The disconnect I felt from him at times was physically and emotionally draining for me, because there were times when I felt like I didn’t know the person sitting next to me. It wasn’t Mac. I would be talking to him and he would be trying really hard to listen, and I would say something later about that conversation we would have and he would not remember it at all.

I used to date someone who had suffered similarly from playing football in high school. We actually went to high school together but we didn’t know each other at the time, meeting later in life. After a few weeks of us talking, he awkwardly asked me if we had been friends in high school. Taken aback, I reminded him (or so I thought) that we hadn’t known each other. Little did I know that his memories of high school had become almost entirely unreliable/non-existent due to his injuries.

I bring all of this up to discuss the long-term impact of Williamson’s brief return to the club this year, in which he pushed publicly for the mounds to be moved after this season, citing both his own injury and the injury to Steven Duggar. Wondering just how bad it needed to get before action was taken. The organization seemed to be leaning in that direction, and it was confirmed this week that they will in fact be moving the bullpen mounds.

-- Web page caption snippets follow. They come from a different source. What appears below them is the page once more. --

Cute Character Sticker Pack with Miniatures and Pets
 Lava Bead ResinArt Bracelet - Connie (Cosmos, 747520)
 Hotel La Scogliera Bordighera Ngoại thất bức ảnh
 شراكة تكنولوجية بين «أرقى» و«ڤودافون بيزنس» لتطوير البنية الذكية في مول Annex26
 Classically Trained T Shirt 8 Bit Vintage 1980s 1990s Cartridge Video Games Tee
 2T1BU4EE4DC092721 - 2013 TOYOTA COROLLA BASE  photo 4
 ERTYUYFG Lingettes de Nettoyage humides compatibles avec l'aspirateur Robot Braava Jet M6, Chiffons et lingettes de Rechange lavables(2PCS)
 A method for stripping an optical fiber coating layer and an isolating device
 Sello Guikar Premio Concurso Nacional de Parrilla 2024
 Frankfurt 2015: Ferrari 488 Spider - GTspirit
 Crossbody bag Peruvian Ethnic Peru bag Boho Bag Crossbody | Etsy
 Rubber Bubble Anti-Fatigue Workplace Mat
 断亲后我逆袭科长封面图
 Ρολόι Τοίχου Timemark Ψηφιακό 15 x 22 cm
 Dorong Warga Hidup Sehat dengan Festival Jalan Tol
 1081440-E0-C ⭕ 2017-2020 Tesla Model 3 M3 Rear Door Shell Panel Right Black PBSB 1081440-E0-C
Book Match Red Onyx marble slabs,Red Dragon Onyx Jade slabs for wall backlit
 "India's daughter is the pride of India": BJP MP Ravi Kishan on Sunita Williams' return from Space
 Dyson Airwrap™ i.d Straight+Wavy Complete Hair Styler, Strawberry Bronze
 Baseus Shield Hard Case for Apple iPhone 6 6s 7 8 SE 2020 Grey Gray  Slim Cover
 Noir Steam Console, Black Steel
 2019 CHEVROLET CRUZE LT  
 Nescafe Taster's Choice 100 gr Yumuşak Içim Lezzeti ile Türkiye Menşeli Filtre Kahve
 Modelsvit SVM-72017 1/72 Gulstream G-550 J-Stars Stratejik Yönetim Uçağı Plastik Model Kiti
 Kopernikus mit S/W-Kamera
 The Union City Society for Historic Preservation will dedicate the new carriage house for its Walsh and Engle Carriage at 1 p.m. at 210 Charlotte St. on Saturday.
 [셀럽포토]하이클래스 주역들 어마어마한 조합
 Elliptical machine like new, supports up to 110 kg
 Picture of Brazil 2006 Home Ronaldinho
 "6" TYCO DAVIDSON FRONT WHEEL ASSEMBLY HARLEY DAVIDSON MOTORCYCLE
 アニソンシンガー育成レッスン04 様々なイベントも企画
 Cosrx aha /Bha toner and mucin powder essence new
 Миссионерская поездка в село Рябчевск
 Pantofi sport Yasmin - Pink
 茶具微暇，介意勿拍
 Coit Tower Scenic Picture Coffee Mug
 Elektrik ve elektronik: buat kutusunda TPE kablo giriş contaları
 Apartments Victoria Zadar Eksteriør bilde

I know that a lot of people are unhappy about this, and I get the sentimental reasons for this. Wanting to be able to watch pitchers and catchers warm up, see relievers in the dugout with the rest of the team, and just plain aversion to change.

But I would ask people to view it in the context with which it is being done and consider that removing an unnecessary obstacle from the field could save future players months and possibly years of misery. In that context, I’d like to think we could all agree that it’s worth it.